CASSANDRA-21139 - Feature/guardrail for misprepare statements by omniCoder77 · Pull Request #4596 · apache/cassandra

omniCoder77 · 2026-01-30T20:57:12Z

Validation is posted on Jira Ticket

Feature suggestion:
Guardrail for miss-prepared statements

Description:

We have hundreds of application teams and several dozen of them miss-prepare statements by using literals instead of bind markers.

I.e.,

// wrong 
session.prepare("select * from users where ID = 996");
session.prepare("select * from users where ID = 997");
session.prepare("select * from users where ID = 998");
session.prepare("select * from users where ID = 999");

// correct
session.prepare("select * from users where ID = ?");

The problem causes the prepared statement cache to constantly overflow, and will print a prepared statements discarded WARN message in the Cassandra log. At present, we use a wack-a-mole approach to discuss the problem with each development team individually, and hope they fix it and train the entire team on how to prepare statements correctly.

Also, finding the root cause of the issue today requires having the knowledge and access to look at the system.prepared_statements table.

Guardrails would seem a good approach here, where the guard could WARN or REJECT when a statement was prepared using a WHERE clause and no bind markers.

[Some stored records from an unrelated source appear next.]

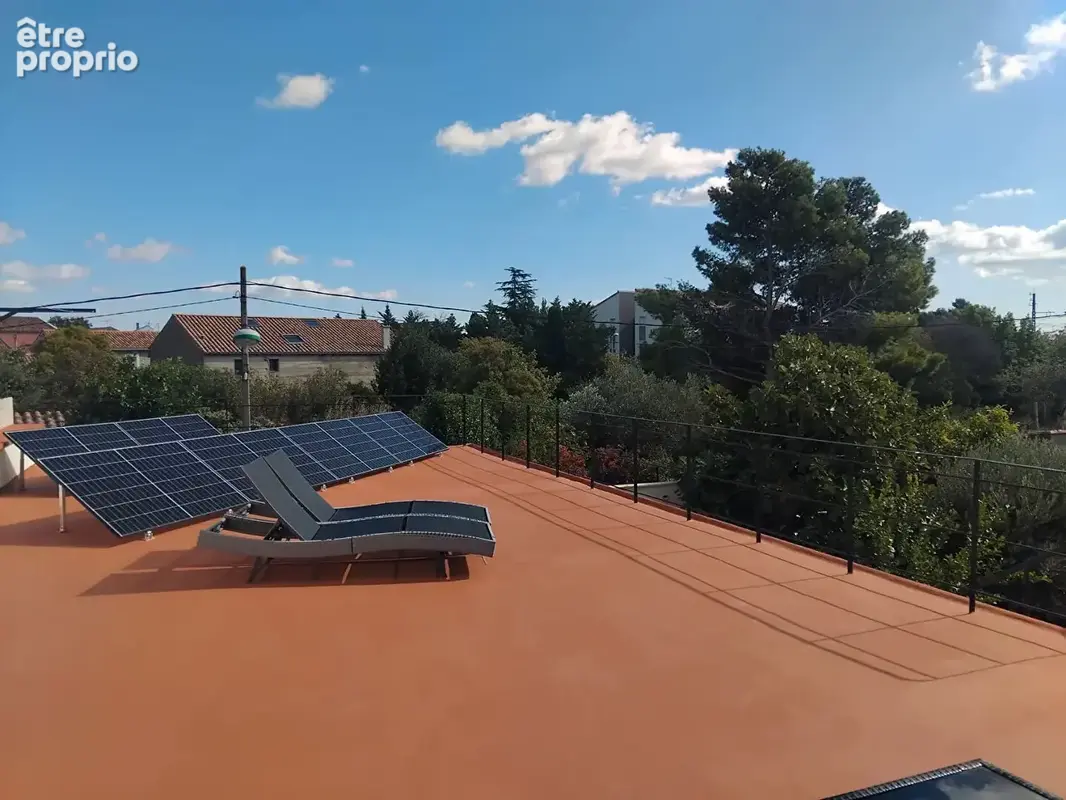 A vendre maison 8 pièces avec jardin, terrasse et vaste garage. - photo 11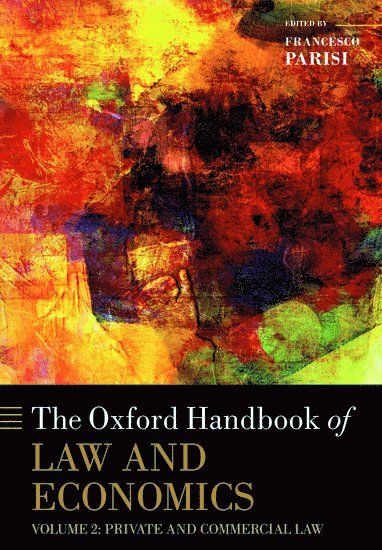 bokomslag The Oxford Handbook of Law and Economics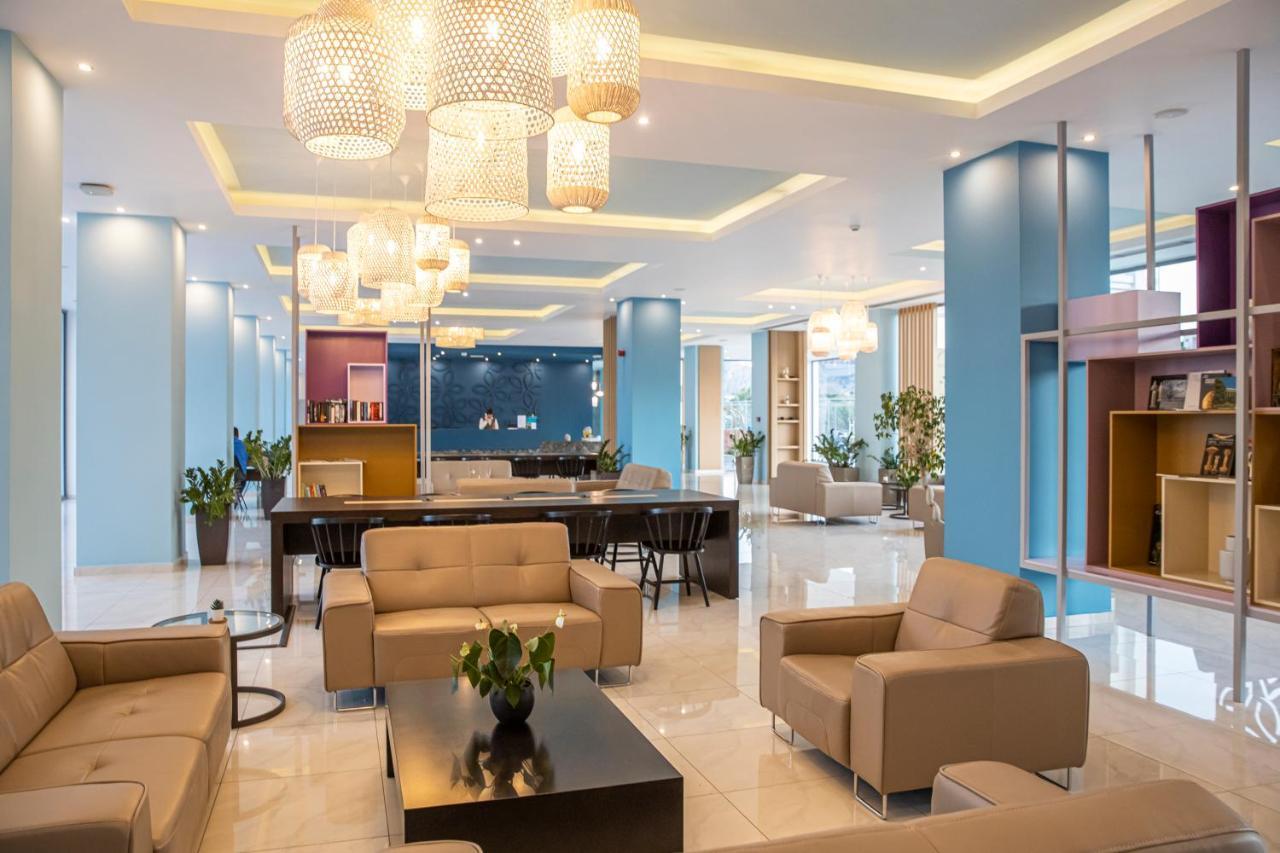 Asterias Beach Resort アファンドウ エクステリア 写真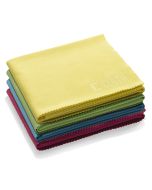 E-CLOTH Glass and Polishing Cleaning Cloth - 4 Pack
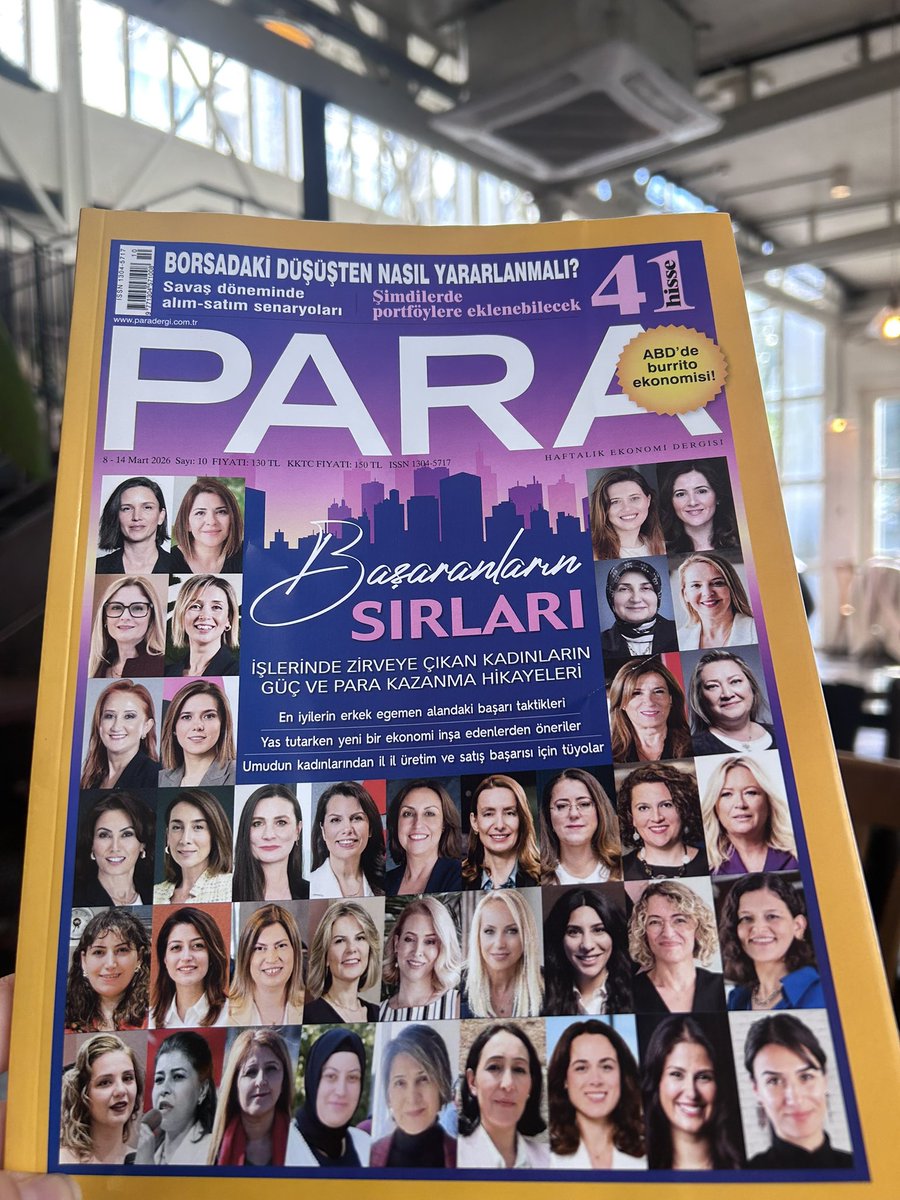 Ürün Dirier tweet media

Note, this should not prevent users from creating prepared statements without a WHERE clause or with one or more literal values so long as there was at least one bind marker. Thus, the following would remain valid:

session.prepare("select * from users");
session.prepare("select * from users where TYPE=5 and ID = ?");

Approach:
Introduced a boolean flag use_misprepare_statements_enabled (which can be configured from cassandra.yaml) whose default value is true (backward compatibility) and added functions to StorageServiceMBean to enable dynamic runtime configuration.
Added test cases to validate changes in parseAndPrepare function.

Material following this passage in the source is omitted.